## RECORDS
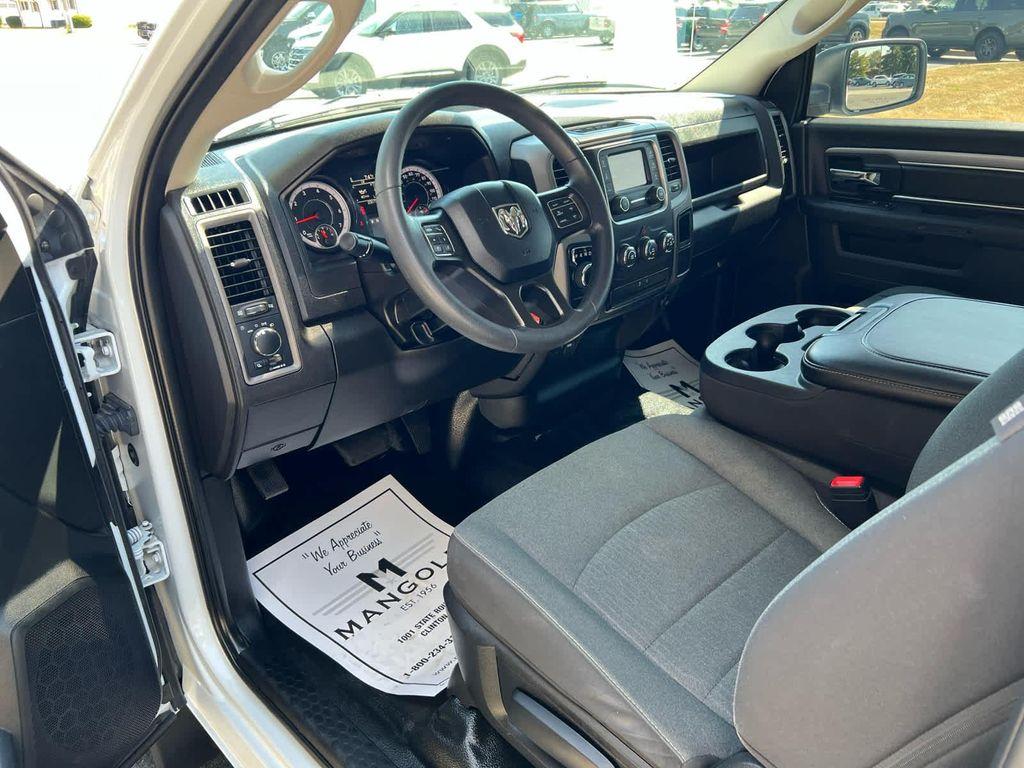 used 2022 Ram 1500 car, priced at $22,985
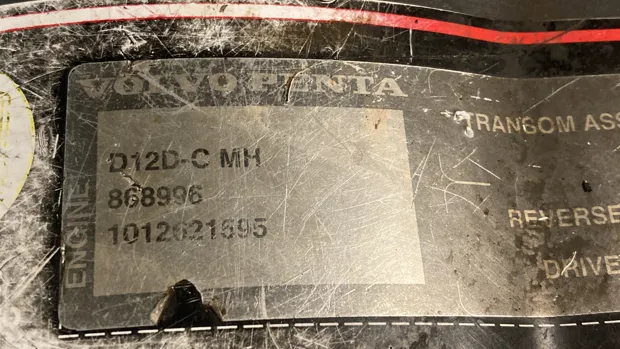 Image 9 of 10 - Volvo Penta - D12D-C MH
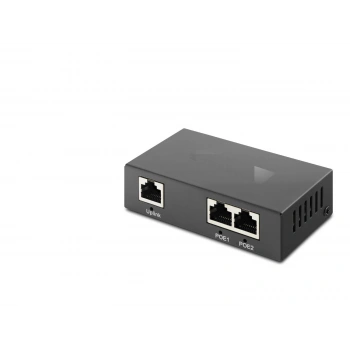 Poe Switch 2 Port 1 Uplink 10/100 Mbps 30W HDX1353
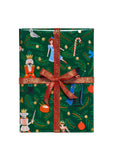 Nutcracker Continuous Wrapping Paper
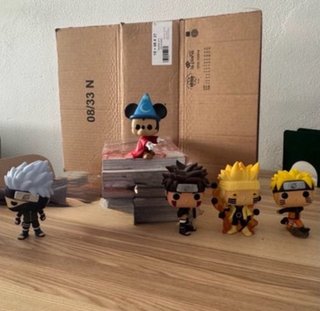 Figuras Funko Pop (sin caja)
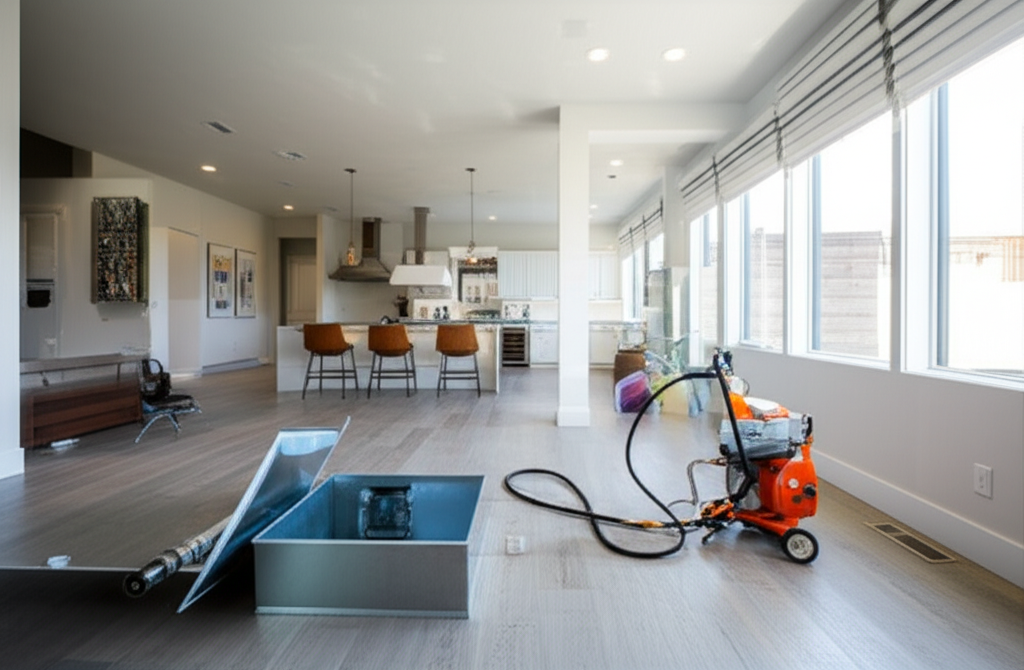 HVAC Duct Cleaning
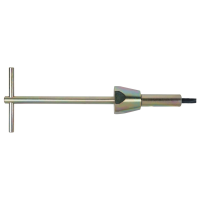 KS Tools 460.0976 Injectorhulzen voorsnijder voor Volvo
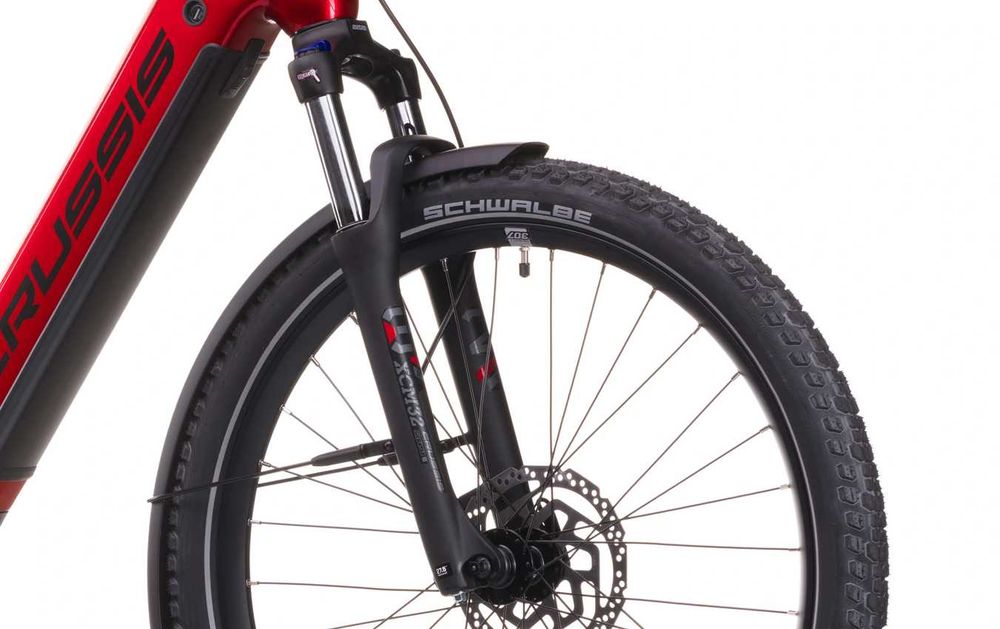 Rower elektryczny Crussis e-Country 7.11 (513 Wh), rama 17" (ul.Obornicka 337, Poznań)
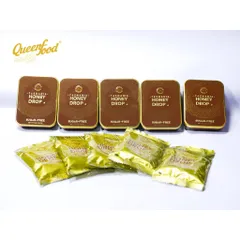 Kẹo sả nhân mật ong HONEY DROP KIÊNG ĐƯỜNG -Tasmania (Hộp10 viên)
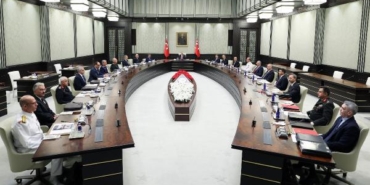 MGK toplantısı başladı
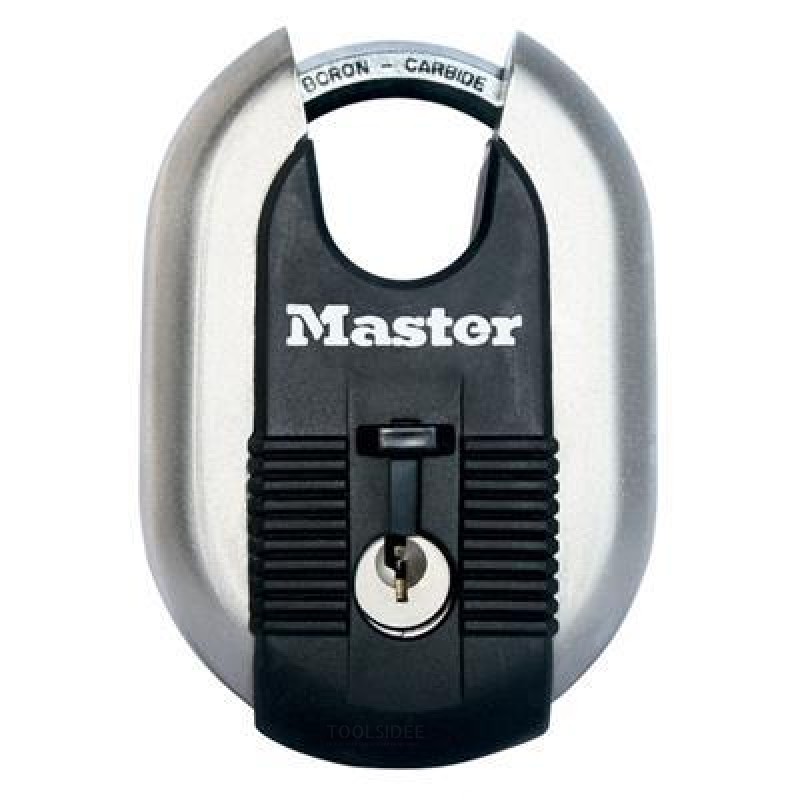 MasterLock Disc lock, Excell, 60mm, 8-corner shackle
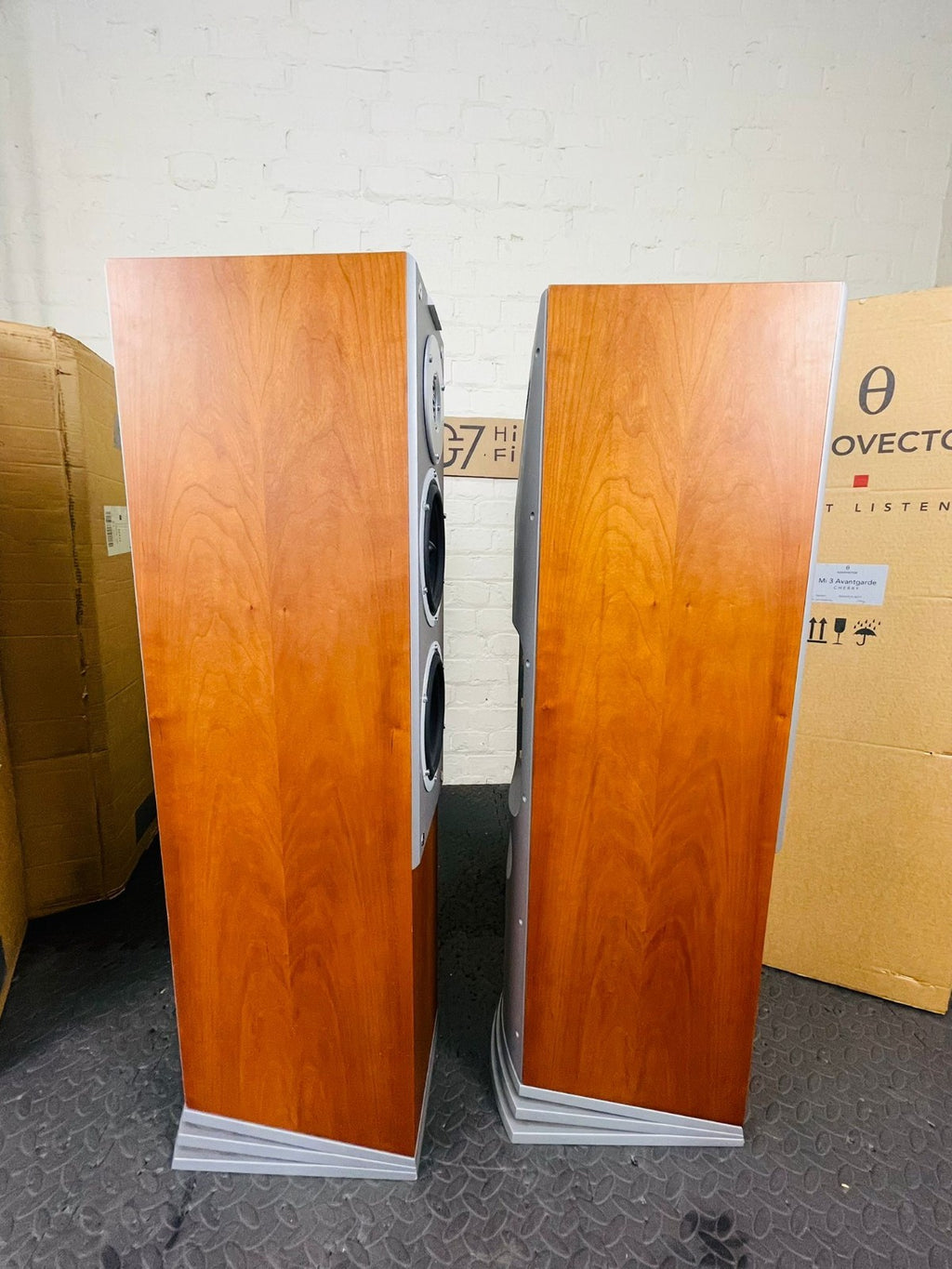 AUDIOVECTOR Mi3 AVANTGARDE FLOOR STANDING SPEAKERS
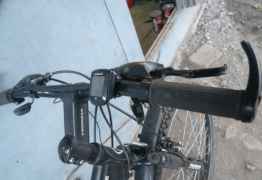 Горный алюминиевый велосипед Мерида
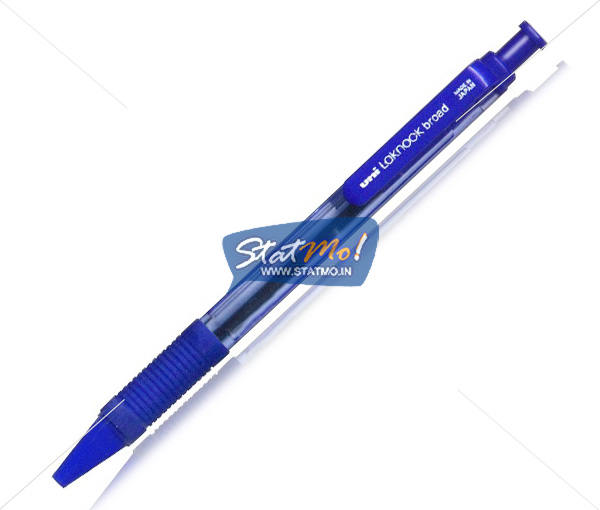 Uniball Laknock Broad Ball Pen by StatMo.in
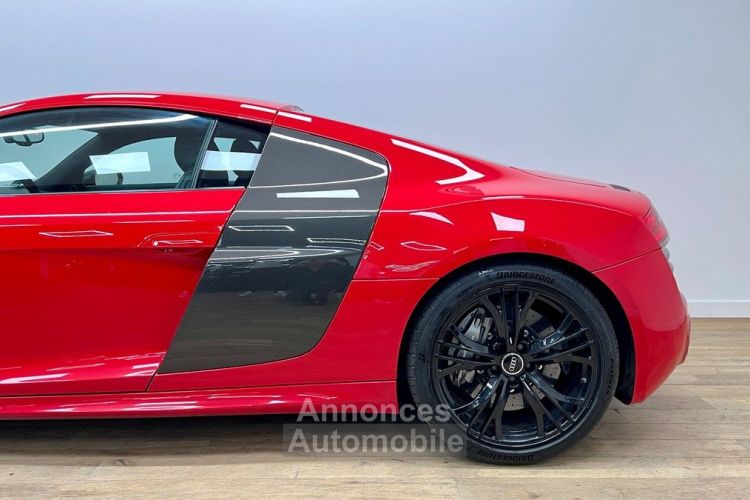 Audi R8 V10 Plus 5.2 FSI 550 ch Quattro S-Tronic 7 Cuir Nappa / B&O Carbone Sièges électriques - <small></small> 95.990 € <small>TTC</small> - #5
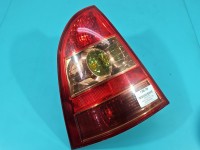 Lampa tył lewa Toyota Corolla E12 kombi 04-07 PO LIFCIE KOMBI Z LISTWĄ ŻARÓWKOWĄ FARBA EUROPA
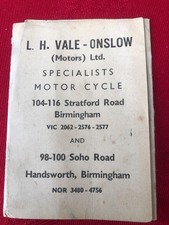 norton motorcycles dealers for sale  LEOMINSTER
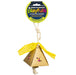 Prevue Pet Products Plucky Pyramid - Playfuls Forage and Engage Bird Toy - 048081602447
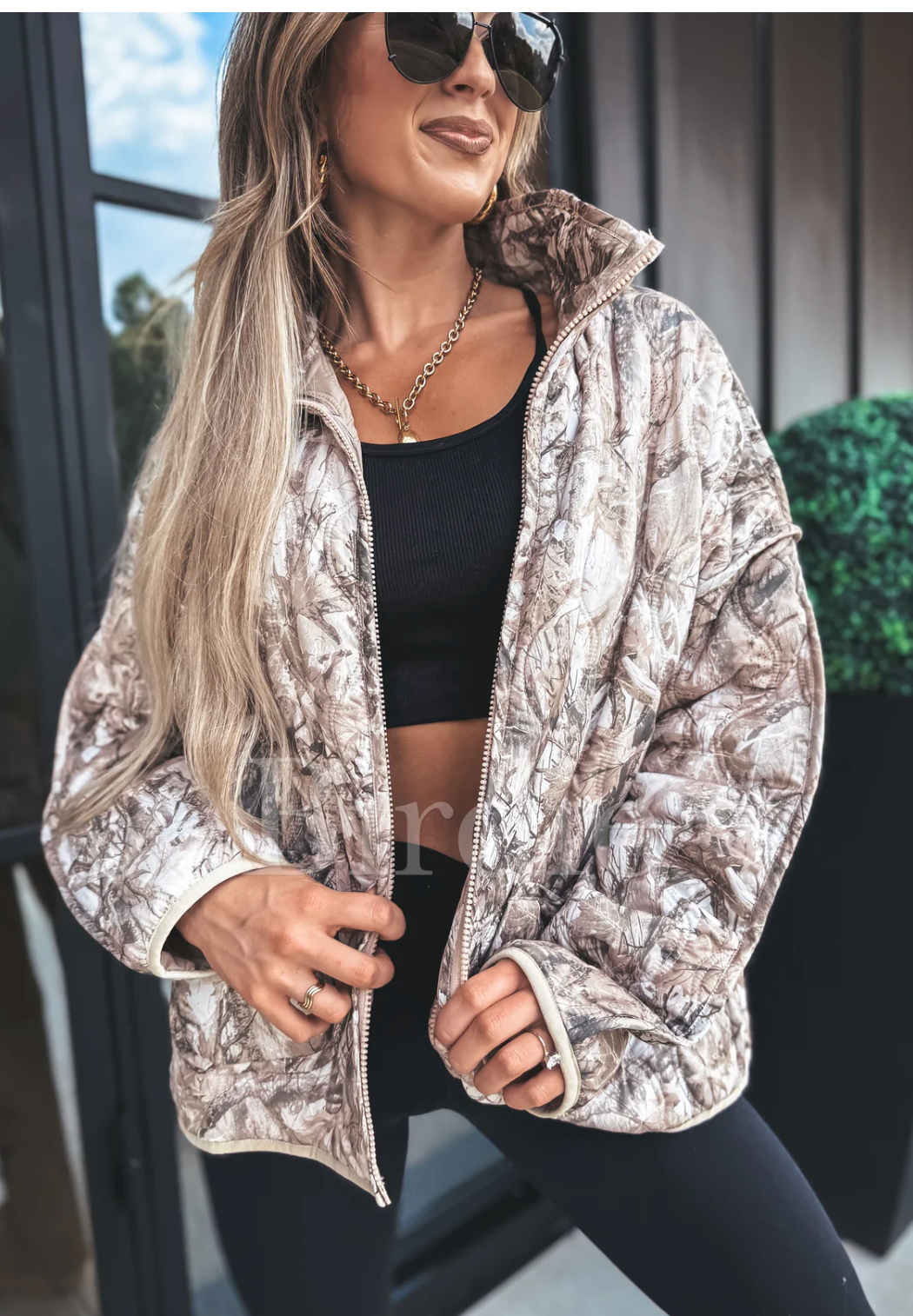 Boone Camo Puffer Jacket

## WORK TASK
Exact reproduction is required. Output only the lines from the one with "AUDIOVECTOR Mi3 AVANTGARDE" through the end of the listing above, both ends included, and no pictures.

## RESULT
 AUDIOVECTOR Mi3 AVANTGARDE FLOOR STANDING SPEAKERS
 Горный алюминиевый велосипед Мерида
 Uniball Laknock Broad Ball Pen by StatMo.in
 Audi R8 V10 Plus 5.2 FSI 550 ch Quattro S-Tronic 7 Cuir Nappa / B&O Carbone Sièges électriques - <small></small> 95.990 € <small>TTC</small> - #5
 Lampa tył lewa Toyota Corolla E12 kombi 04-07 PO LIFCIE KOMBI Z LISTWĄ ŻARÓWKOWĄ FARBA EUROPA
 norton motorcycles dealers for sale  LEOMINSTER
 Prevue Pet Products Plucky Pyramid - Playfuls Forage and Engage Bird Toy - 048081602447
 Boone Camo Puffer Jacket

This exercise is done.